* Records shown:
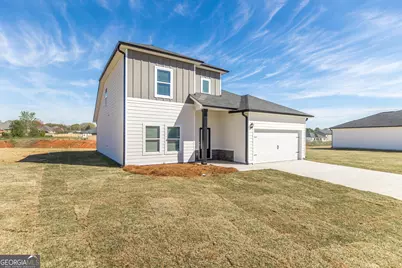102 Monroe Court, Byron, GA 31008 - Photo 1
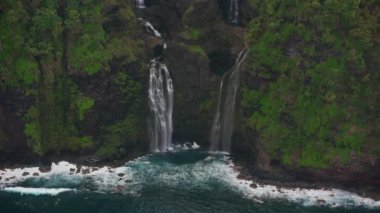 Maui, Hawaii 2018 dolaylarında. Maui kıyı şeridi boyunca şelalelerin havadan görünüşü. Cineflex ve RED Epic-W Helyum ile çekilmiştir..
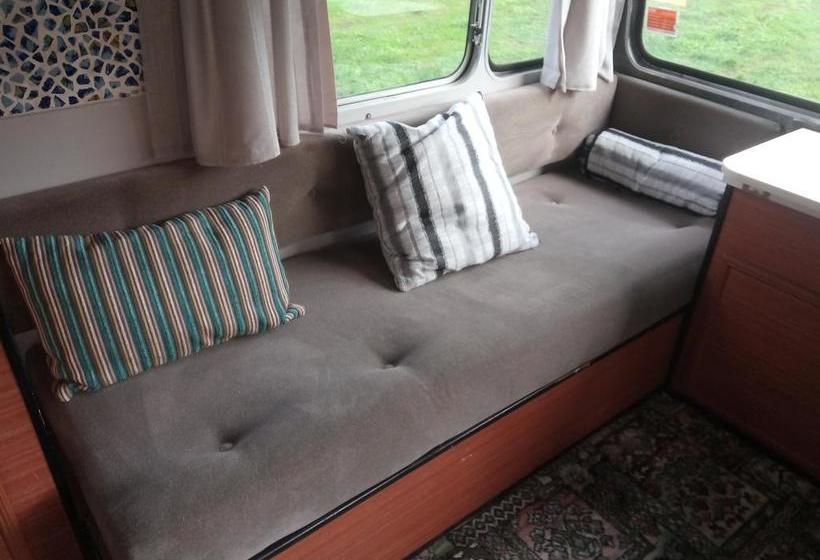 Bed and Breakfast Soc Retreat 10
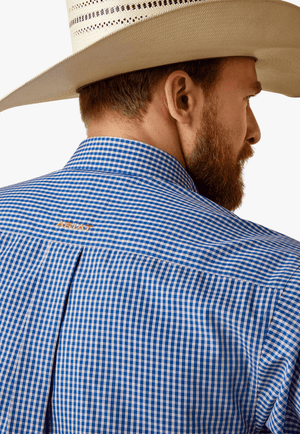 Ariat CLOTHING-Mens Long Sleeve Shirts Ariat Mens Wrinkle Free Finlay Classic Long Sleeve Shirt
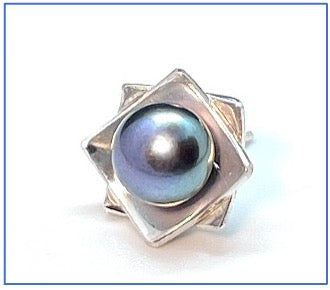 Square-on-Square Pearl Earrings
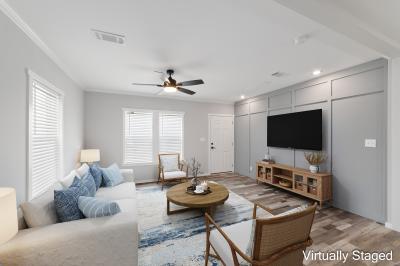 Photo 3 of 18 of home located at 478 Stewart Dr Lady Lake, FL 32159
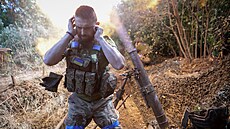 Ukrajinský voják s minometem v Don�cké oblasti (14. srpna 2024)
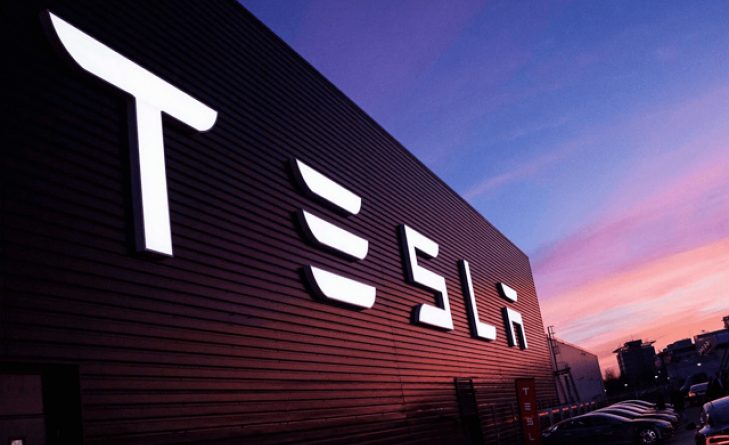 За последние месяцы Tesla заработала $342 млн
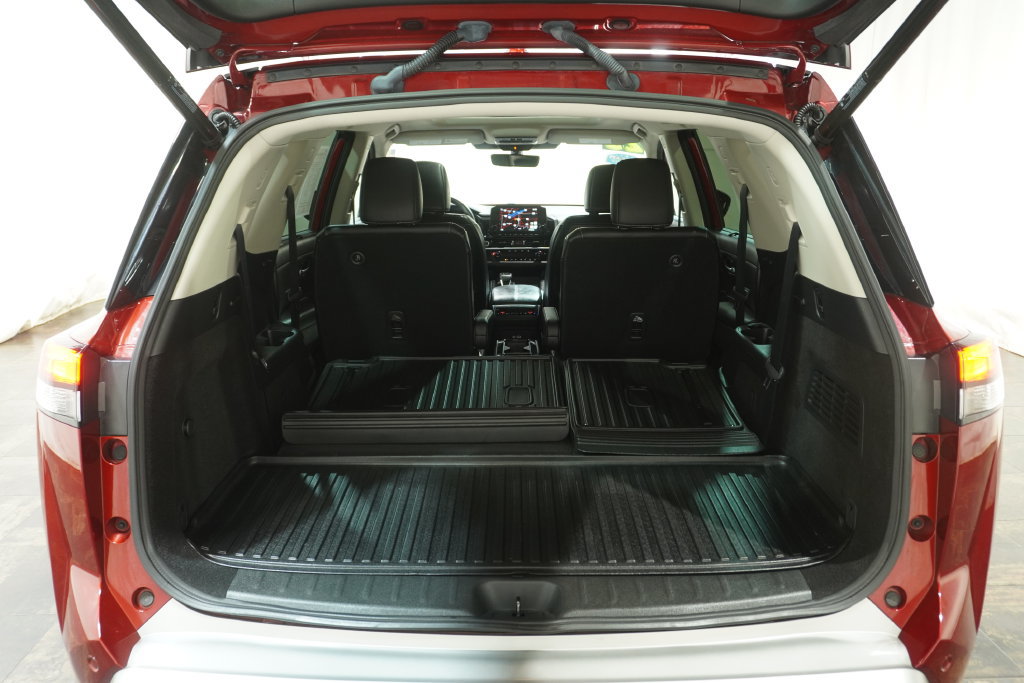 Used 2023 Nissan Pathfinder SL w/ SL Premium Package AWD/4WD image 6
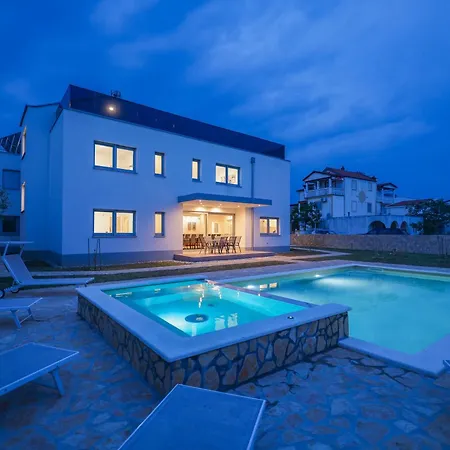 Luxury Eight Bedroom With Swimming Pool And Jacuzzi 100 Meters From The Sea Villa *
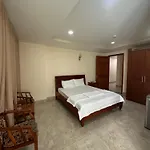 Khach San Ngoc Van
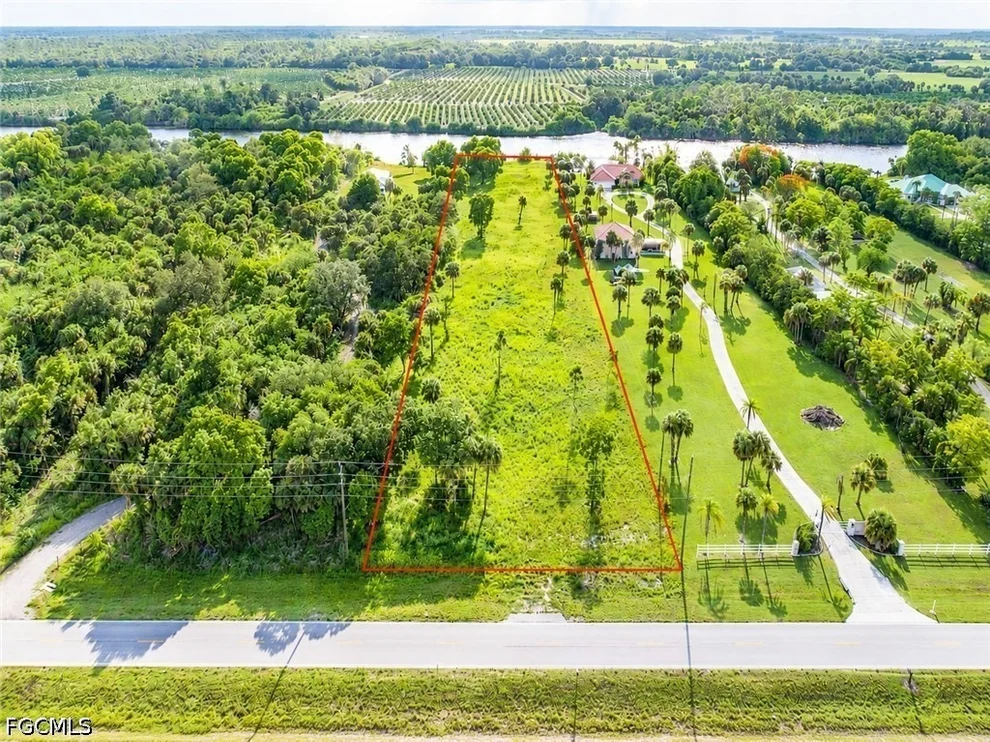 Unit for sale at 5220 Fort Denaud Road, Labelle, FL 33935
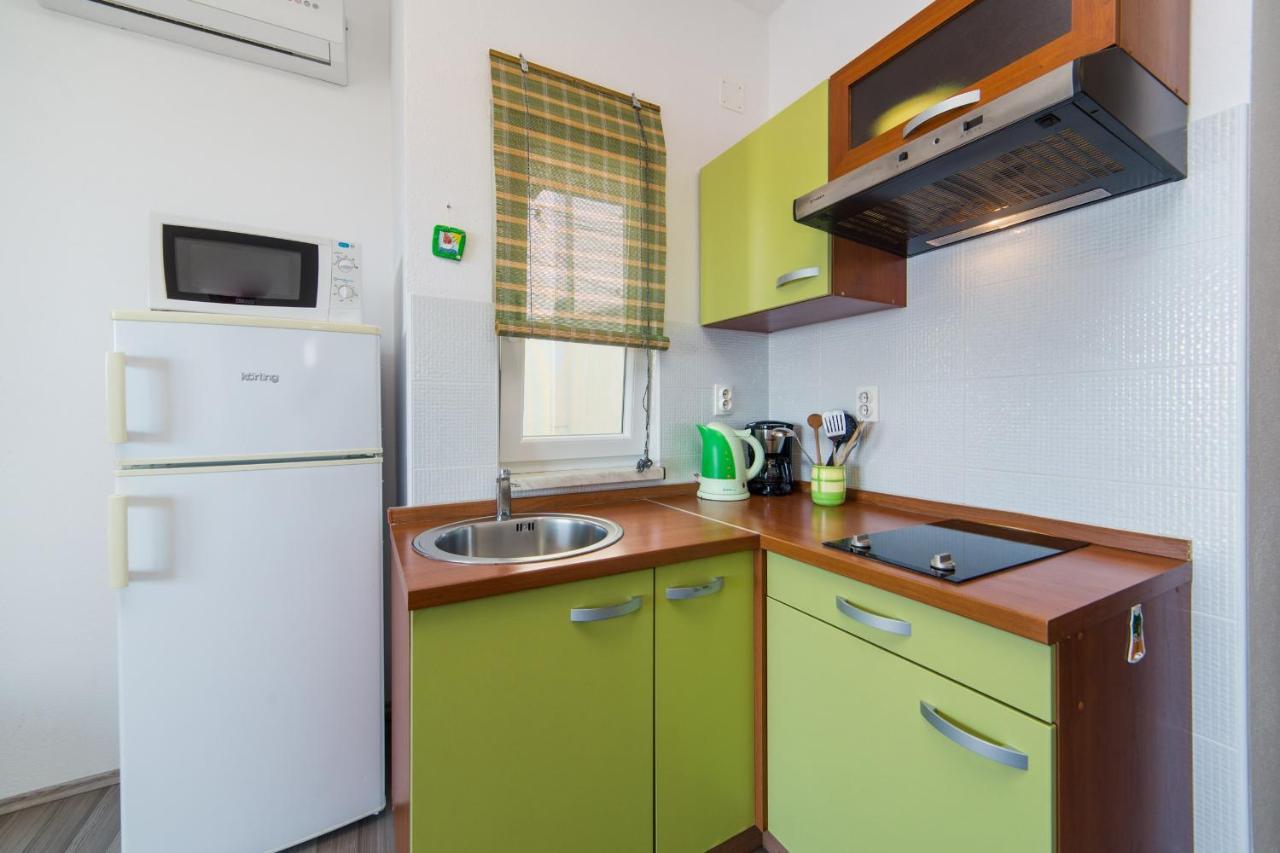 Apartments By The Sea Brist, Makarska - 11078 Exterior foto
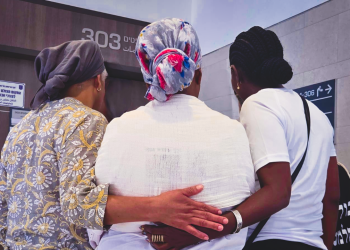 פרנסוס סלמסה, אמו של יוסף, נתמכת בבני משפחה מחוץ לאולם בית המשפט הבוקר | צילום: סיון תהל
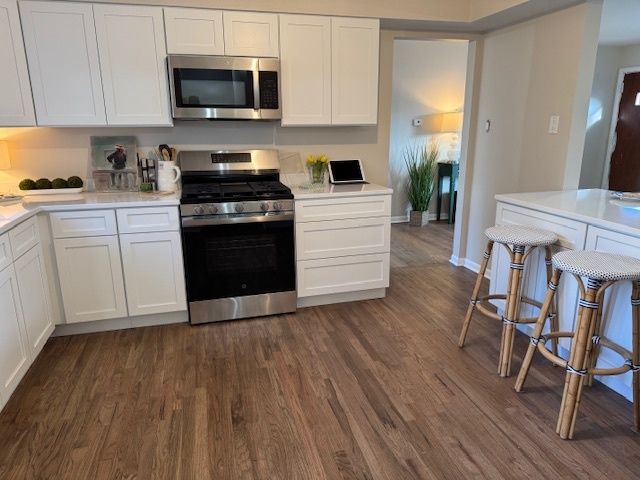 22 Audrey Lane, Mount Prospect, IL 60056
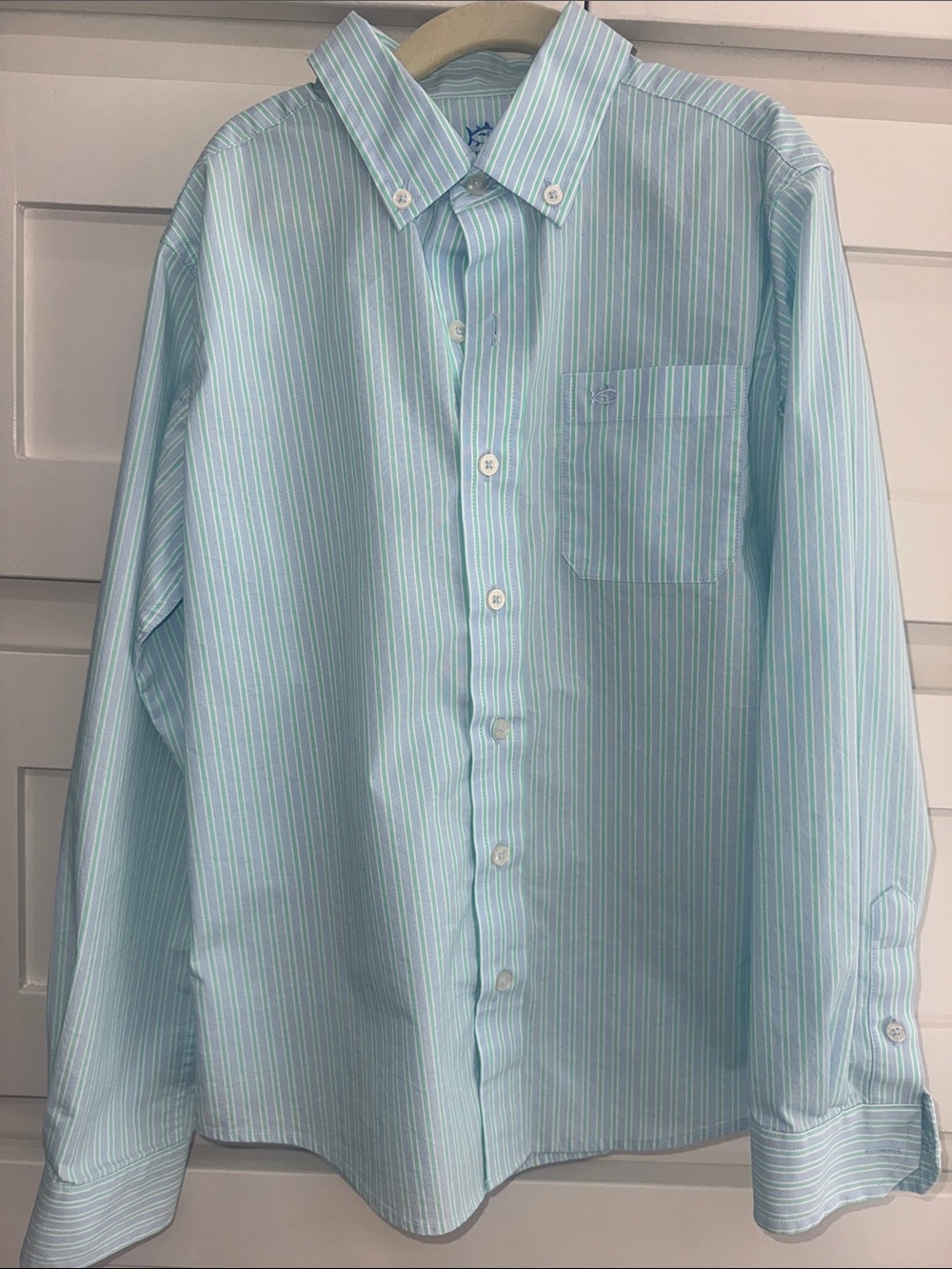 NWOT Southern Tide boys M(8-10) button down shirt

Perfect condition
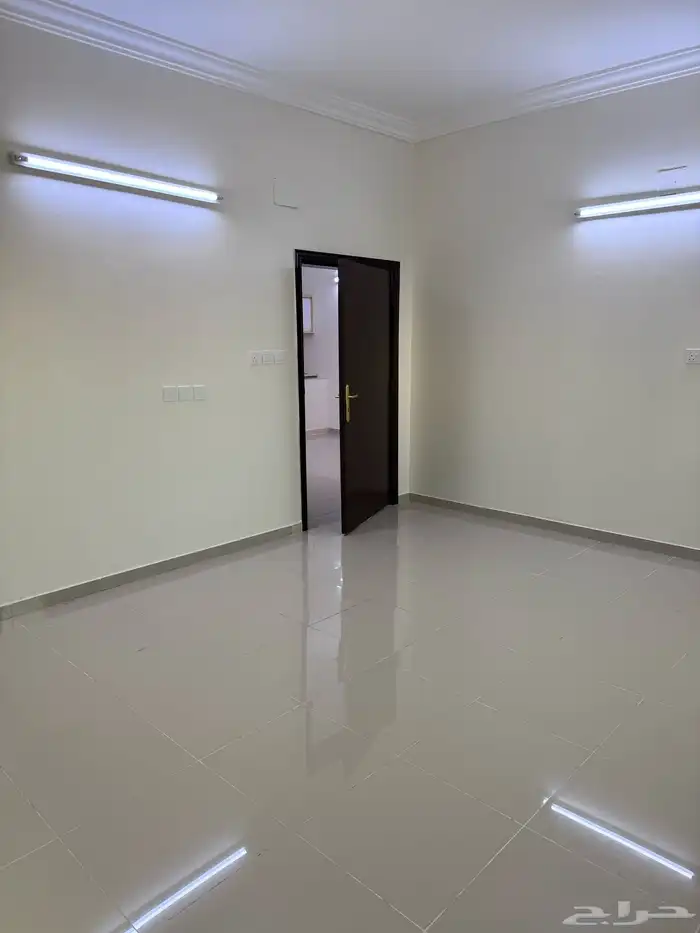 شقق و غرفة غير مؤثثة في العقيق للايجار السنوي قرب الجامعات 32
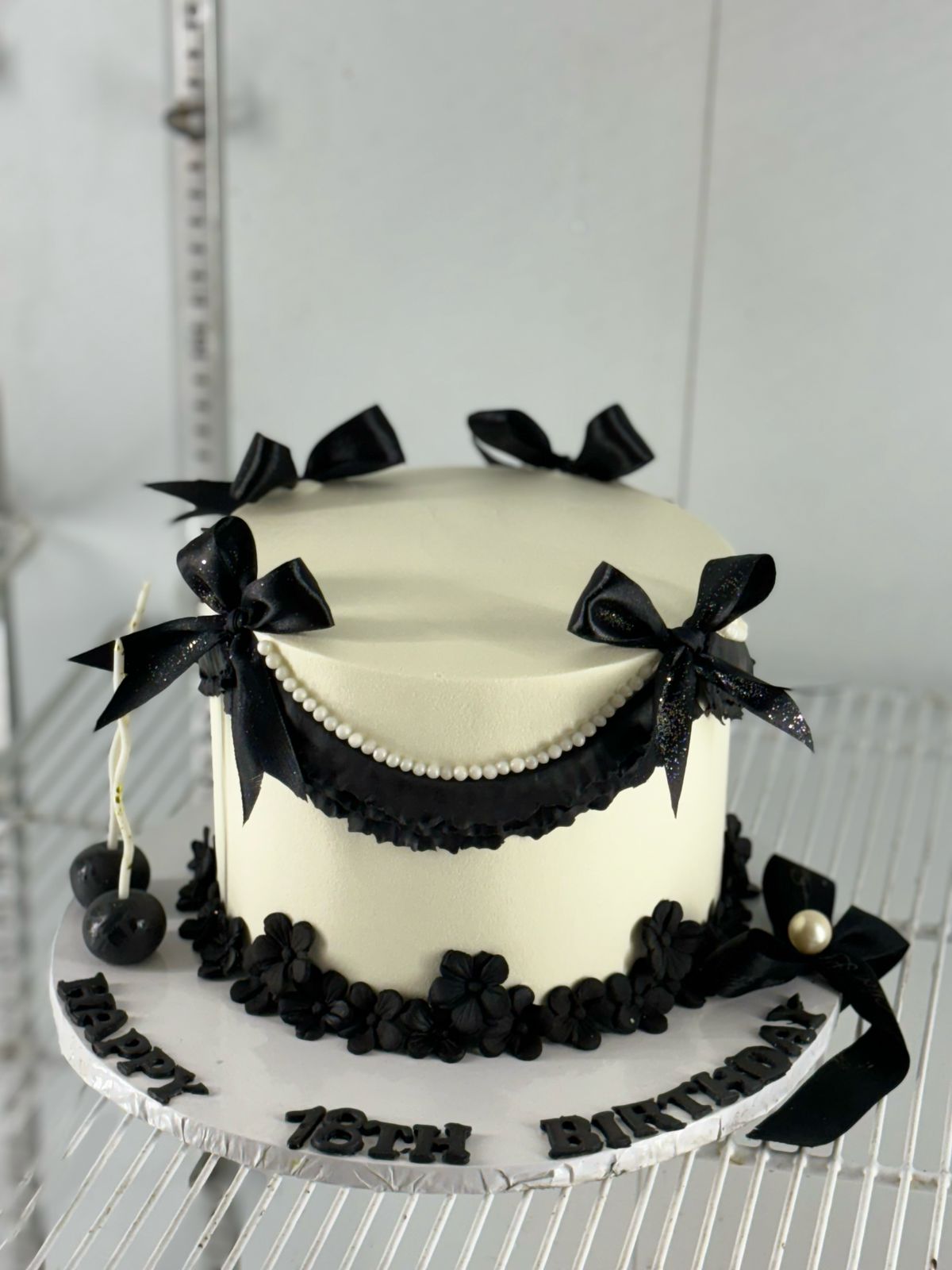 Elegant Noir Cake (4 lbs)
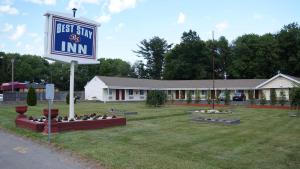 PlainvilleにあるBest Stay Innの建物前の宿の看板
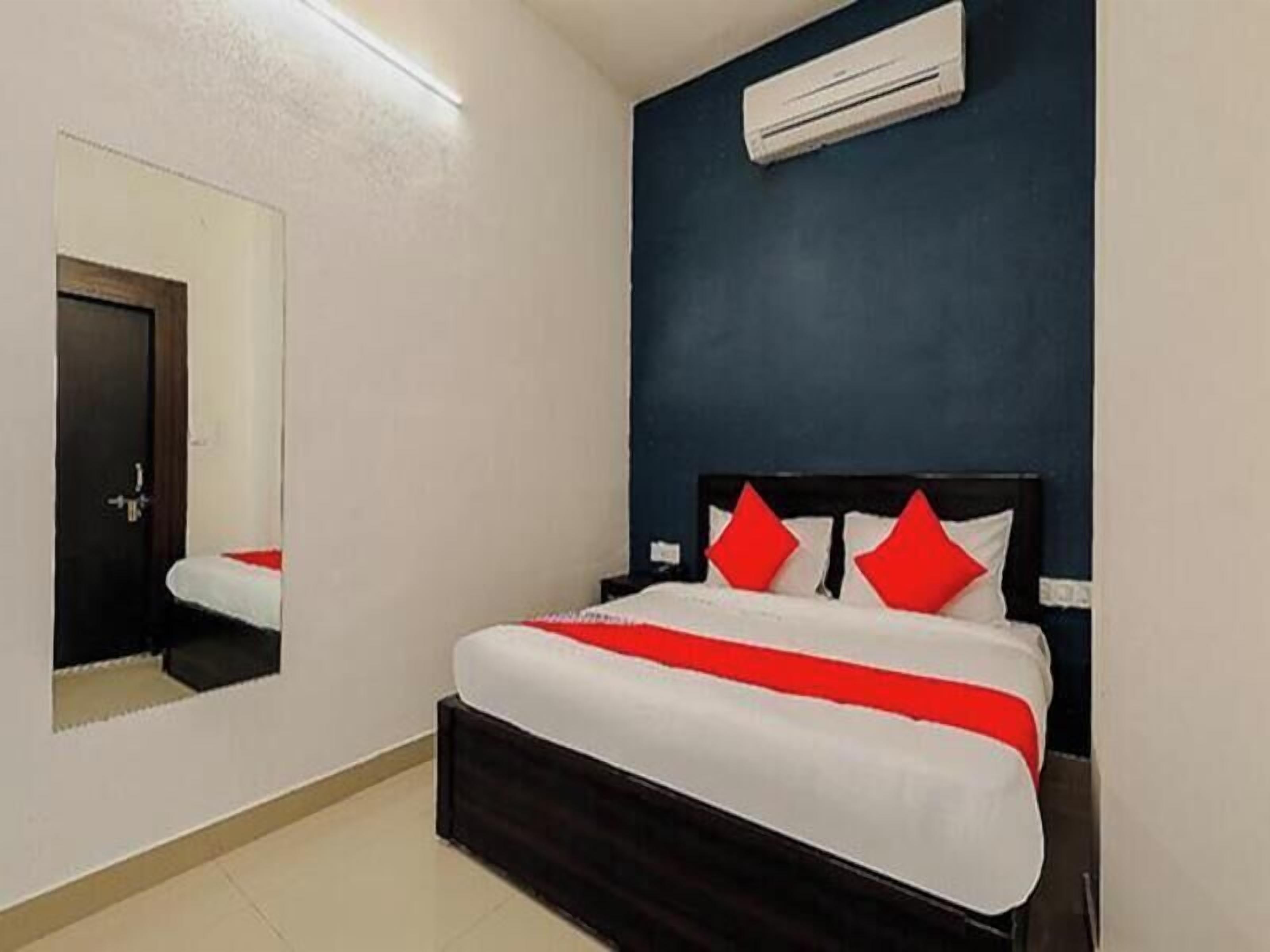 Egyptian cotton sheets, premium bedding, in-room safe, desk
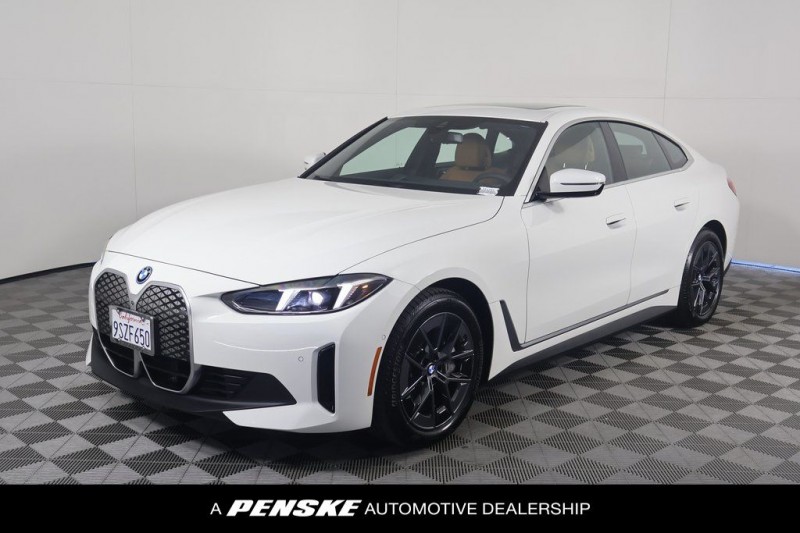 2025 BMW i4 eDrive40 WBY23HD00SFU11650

* Task goal: In the copy, include every record exactly and no pictures at all.

* Worked solution:
102 Monroe Court, Byron, GA 31008 - Photo 1
 Maui, Hawaii 2018 dolaylarında. Maui kıyı şeridi boyunca şelalelerin havadan görünüşü. Cineflex ve RED Epic-W Helyum ile çekilmiştir..
 Bed and Breakfast Soc Retreat 10
 Ariat CLOTHING-Mens Long Sleeve Shirts Ariat Mens Wrinkle Free Finlay Classic Long Sleeve Shirt
 Square-on-Square Pearl Earrings
 Photo 3 of 18 of home located at 478 Stewart Dr Lady Lake, FL 32159
 Ukrajinský voják s minometem v Don�cké oblasti (14. srpna 2024)
 За последние месяцы Tesla заработала $342 млн
 Used 2023 Nissan Pathfinder SL w/ SL Premium Package AWD/4WD image 6
 Luxury Eight Bedroom With Swimming Pool And Jacuzzi 100 Meters From The Sea Villa *
 Khach San Ngoc Van
 Unit for sale at 5220 Fort Denaud Road, Labelle, FL 33935
 Apartments By The Sea Brist, Makarska - 11078 Exterior foto
 פרנסוס סלמסה, אמו של יוסף, נתמכת בבני משפחה מחוץ לאולם בית המשפט הבוקר | צילום: סיון תהל
 22 Audrey Lane, Mount Prospect, IL 60056
 NWOT Southern Tide boys M(8-10) button down shirt

Perfect condition
 شقق و غرفة غير مؤثثة في العقيق للايجار السنوي قرب الجامعات 32
 Elegant Noir Cake (4 lbs)
 PlainvilleにあるBest Stay Innの建物前の宿の看板
 Egyptian cotton sheets, premium bedding, in-room safe, desk
 2025 BMW i4 eDrive40 WBY23HD00SFU11650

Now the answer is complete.